Monday, November 19, 2018

My Criminal Past


[“Let Inga Tell You,” La Jolla Light, published November 21, 2018] ©2018

I recently ran a column on the subject of teenage vandals on Halloween.

What I didn’t mention – and I confess it’s been haunting me a bit – is that I have a brief history of teenager criminal behavior myself.  I think it would be classified as Grand Theft Fruit and I’m not entirely sure that the statute of limitations is up.

As teenagers go, I was a good kid.  A 16-year-old public high school senior when this event occurred, I was editor of the school paper and president of the school’s service organization.  In earlier years I had been Secretary of the Organ Club (music, not donors).  So, I just want to say, Your Honor, that I wasn’t exactly going around breaking car windows on Halloween like some of the miscreants in my own neighborhood. 

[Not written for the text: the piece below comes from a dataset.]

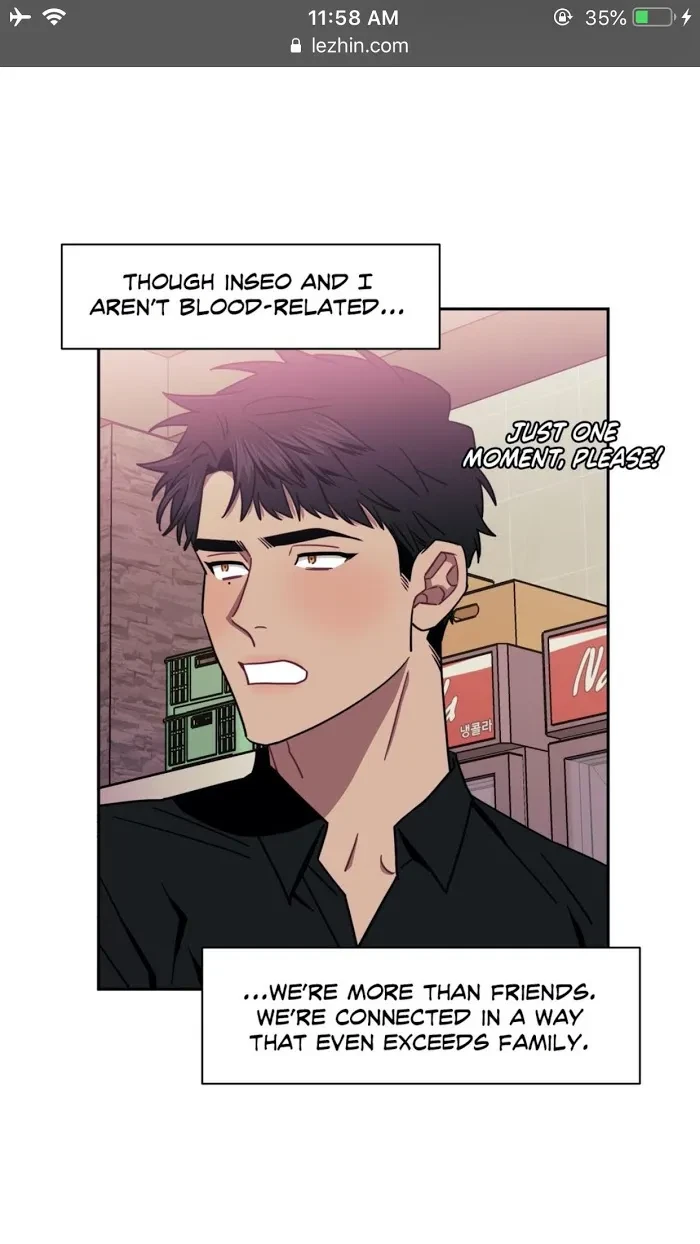 Chapter 17, page 15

I have read that the frontal lobe of the brain, the area associated with judgment, doesn’t reach maturity until the mid-to-late 20’s.  (I think we all know people in whom it never matures at all.)

The school service organization had decided the year before that as their major service project, they would adopt a Korean orphan which had a financial commitment of $10 a month – a  significant sum at the time.  We were clear that if we failed to raise this money, our orphan would starve. 

In the fall of 1964 when I was at the helm of this organization, we realized that due to orphan payments over the summer when we had no revenue, we would be short for our November 1 payment. Asking parents to fund this shortfall would never have been considered; it was our responsibility. The club decided to raise money by selling caramel apples door to door. Caramels were fortunately on sale but we’d never be able to make the required profit if we had to buy apples as well.  Came a voice from the back of our planning meeting: “What about Rockefeller’s apple orchards? He’s got plenty.”  We all lit up. It was like a bolt of lightning from a sociopathic higher being.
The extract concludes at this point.